### Task prompt
Return the lines of the listing below exactly as they appear, beginning at the one with "Пенсионеры в самолете." and stopping after the one with "2025 Toyota Tacoma"; do not include pictures.

:: Data for analysis

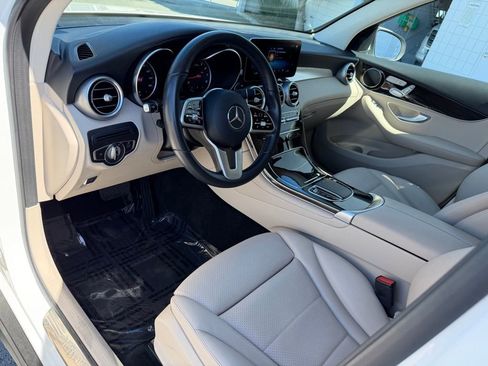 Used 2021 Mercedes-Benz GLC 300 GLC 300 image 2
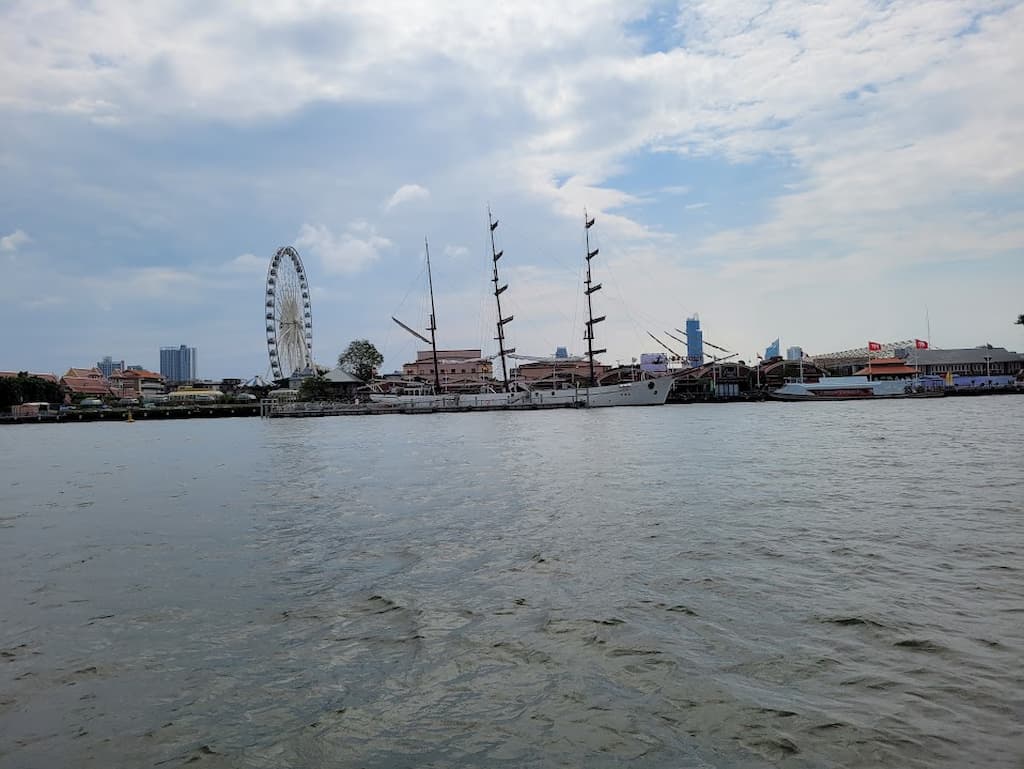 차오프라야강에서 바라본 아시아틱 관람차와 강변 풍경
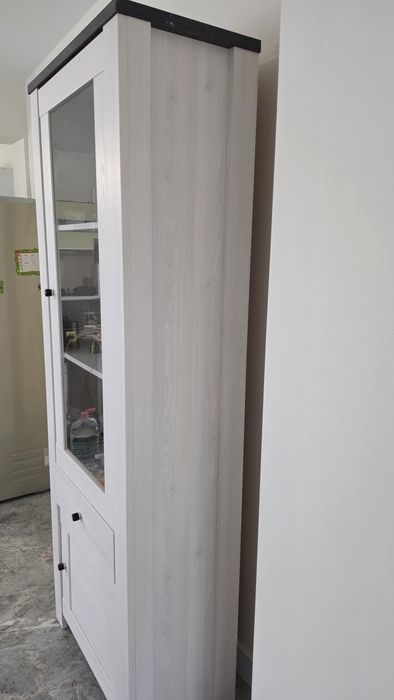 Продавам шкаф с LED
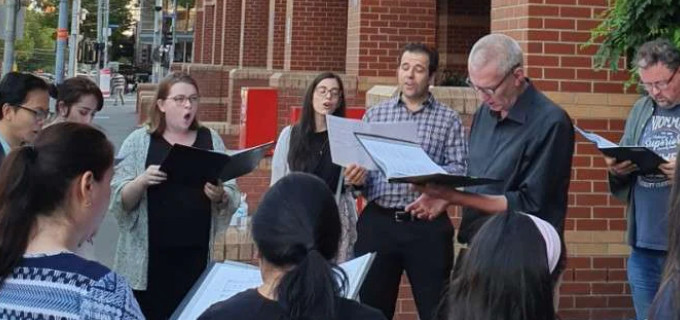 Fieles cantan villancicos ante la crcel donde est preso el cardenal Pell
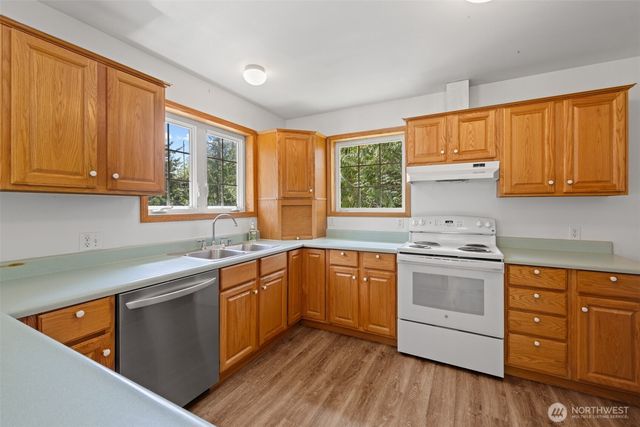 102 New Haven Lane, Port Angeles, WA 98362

::::
:: Data for analysis

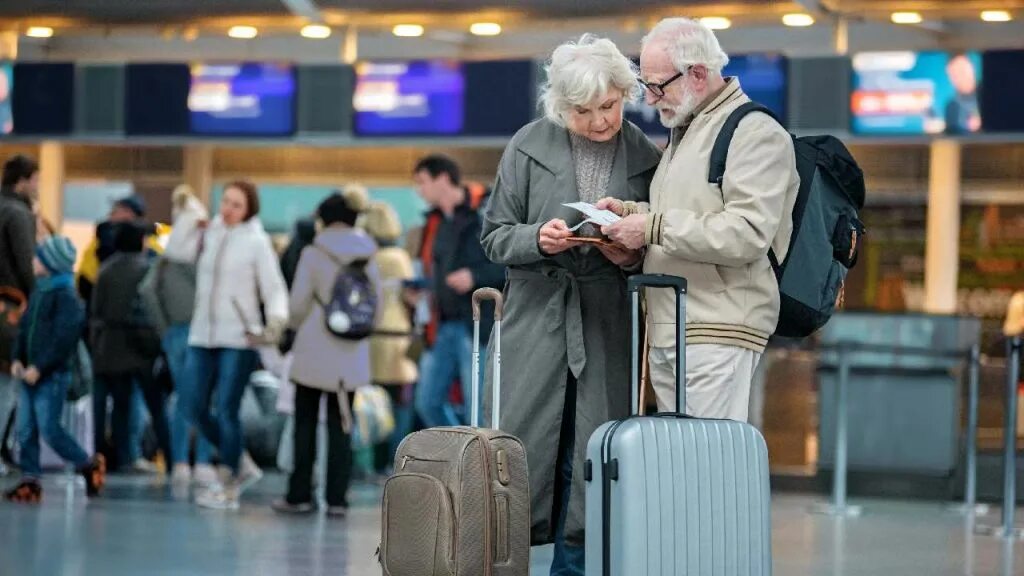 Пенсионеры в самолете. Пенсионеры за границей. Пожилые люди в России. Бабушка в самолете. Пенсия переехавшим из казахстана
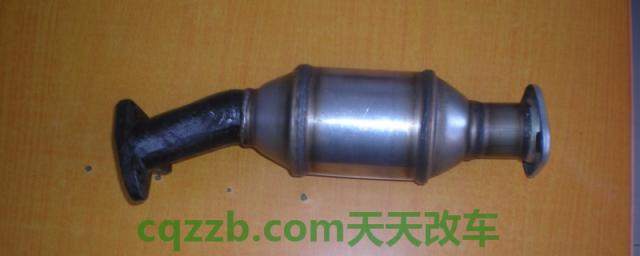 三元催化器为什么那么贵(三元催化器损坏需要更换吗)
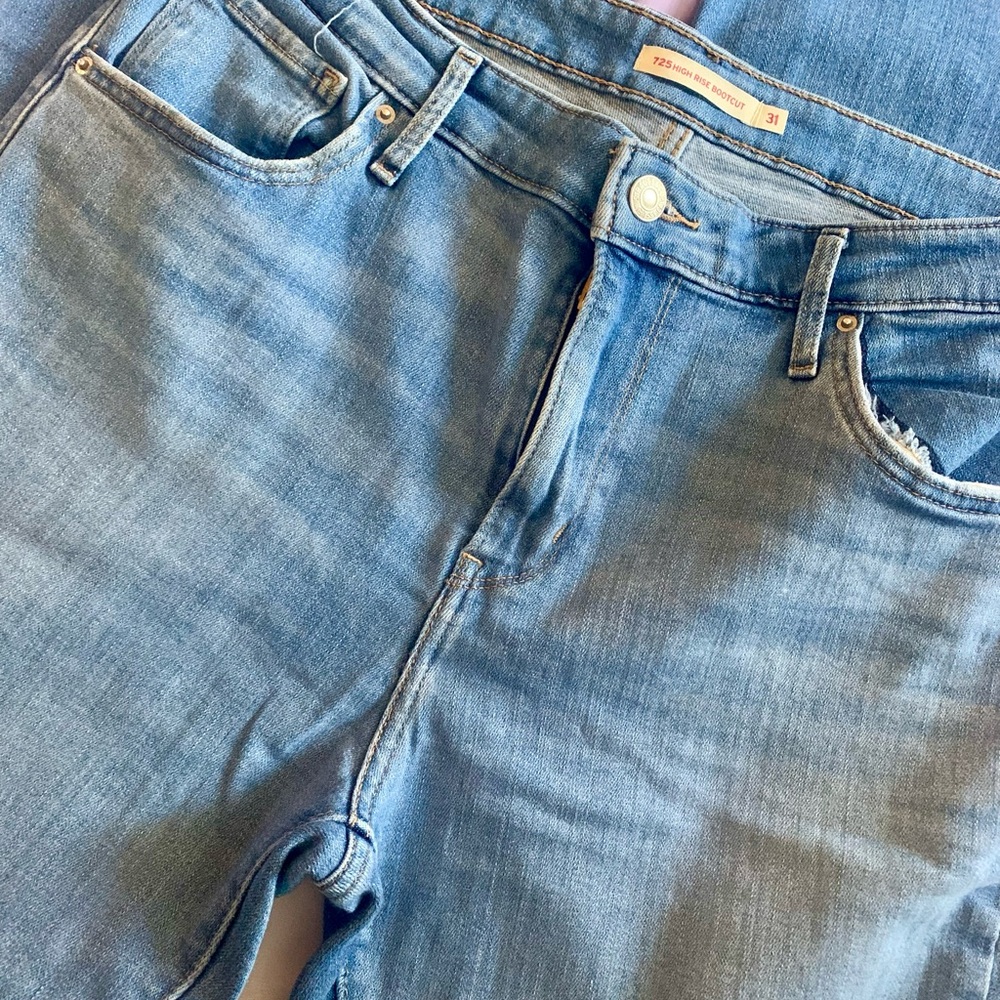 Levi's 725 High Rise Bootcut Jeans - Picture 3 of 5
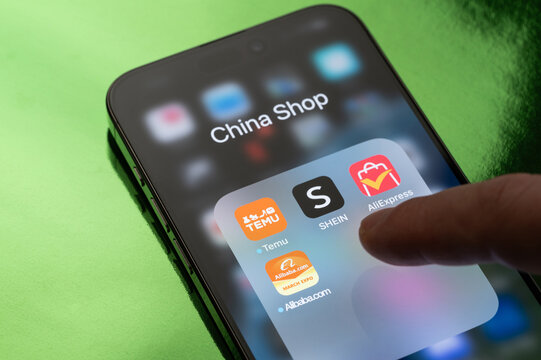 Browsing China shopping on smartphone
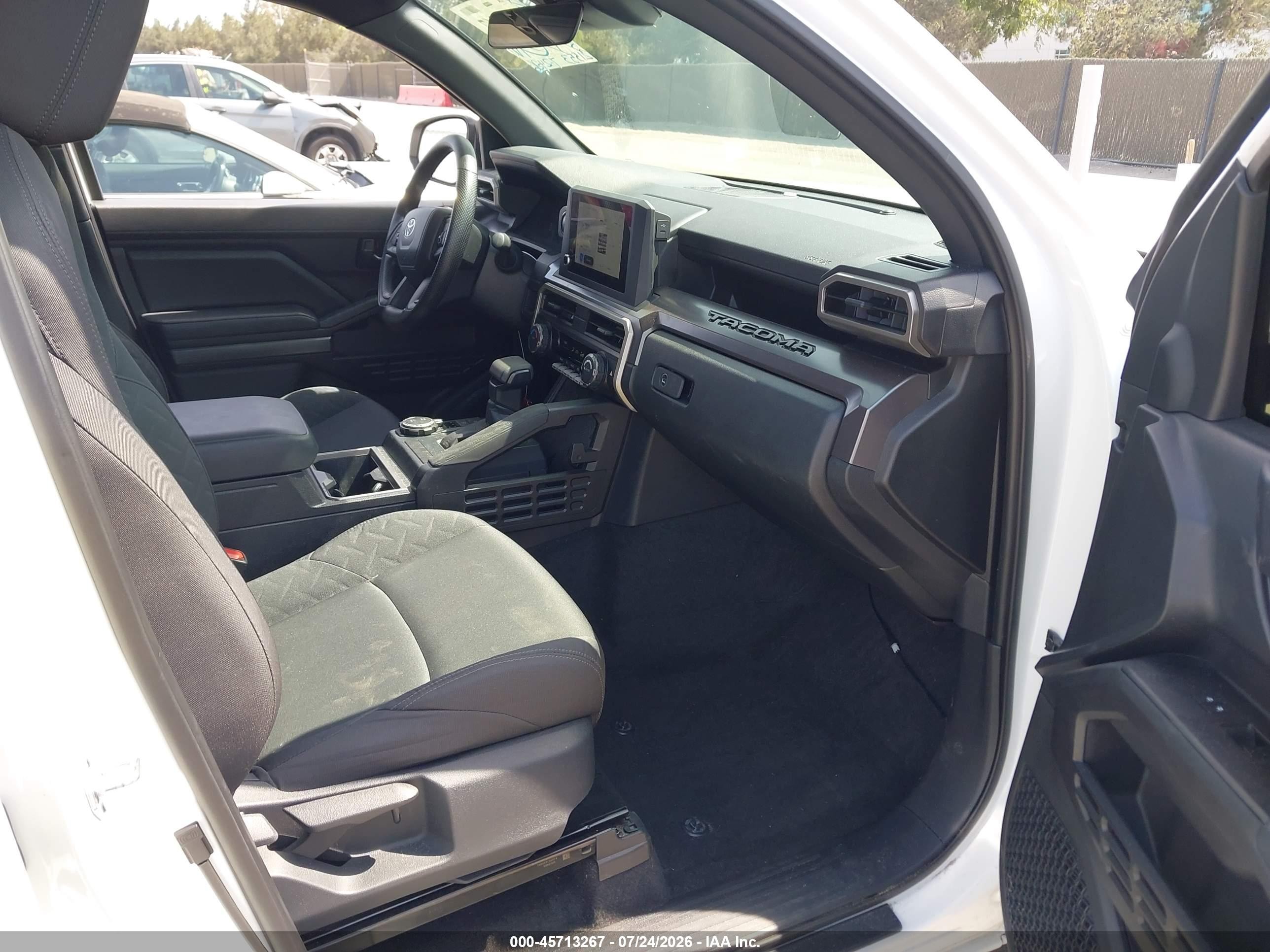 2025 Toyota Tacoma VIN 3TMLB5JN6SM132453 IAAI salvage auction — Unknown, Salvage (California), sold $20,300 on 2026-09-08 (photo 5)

::::

### Answer box
 Пенсионеры в самолете. Пенсионеры за границей. Пожилые люди в России. Бабушка в самолете. Пенсия переехавшим из казахстана
 三元催化器为什么那么贵(三元催化器损坏需要更换吗)
 Levi's 725 High Rise Bootcut Jeans - Picture 3 of 5
 Browsing China shopping on smartphone
 2025 Toyota Tacoma VIN 3TMLB5JN6SM132453 IAAI salvage auction — Unknown, Salvage (California), sold $20,300 on 2026-09-08 (photo 5)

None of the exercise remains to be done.